Весь великій постъ не только-что плебеи-приказчики, но даже и патриціи-хозяева сидятъ дома. Развѣ въ воскресенье послѣ обѣда, хозяйскіе сынки пройдутъ часокъ по Невскому; о концертахъ съ живыми картинами и помышлять не смѣй, попробуй-ка попроситься, такъ родители прочтутъ такую рацею о суетѣ мірской, что и охота пройдетъ. Уйти куда-нибудь безъ спросу, ночью, тоже невозможно, того и гляди что тятенька вздумаетъ къ заутрени идти; ну, какъ къ тому времени не воротишься, бѣда да и только. Казалось-бы, при такихъ условіяхъ домосѣдной жизни, у молодыхъ людей должна-бы развиваться охота къ чтенію, но напротивъ все свое свободное время они употребляютъ на сонъ, да на игру съ молодцами въ горку, и то послѣднее дѣлается секретнымъ образомъ. Ежели кому-нибудь и вздумается почитать, достанетъ гдѣ-нибудь какой ни-на-есть романчикъ, такъ тятенька и начнетъ коситься: «Пустяками, ска; етъ, голову набиваешь, къ дѣлу рачительности имѣть не будешь, брось!» — ну, и приходится бросить. Еще въ иныхъ семействахъ получаются «Полицейскія вѣдомости», да «Сынъ Отечества», откуда и почерпается вся премудрость. А въ семействахъ, придерживающихся старой вѣры, такъ чтеніе каждой свѣтской книги считается грѣхомъ и отпаденіемъ отъ религіи. Дѣвицы еще читаютъ кой-что изъ переводныхъ романовъ, попадающихъ къ нимъ богъ-вѣсть какимъ путемъ, переписываютъ въ тетрадки чувствительные стихи, однако дѣлая это все днемъ, когда тятинька ихъ пребываетъ въ лавкахъ.
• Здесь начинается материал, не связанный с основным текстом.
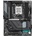 GIGABYTE B850 GAMING X WIFI6E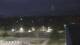Prior Lake, Minnesota 29.04.2025 05:25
Ежели въ семействахъ этихъ и есть книги, такъ это пѣсенники, уличные листки, издаваемые со спекулятивною цѣлію и извѣстная всѣмъ «Битва русскихъ съ кабардинцами», къ стыду нашему выдержавшая двѣнадцать изданій. Не мало также ходитъ между молодежью по рукамъ тетрадокъ, съ никогда не бывшими въ печати стихотвореніями знаменитаго поэта-циника. Эти стихотворенія нескромны и площадны до невѣроятія, но не смотря на это, они читаются съ жадностію и даже затверживаются наизусть.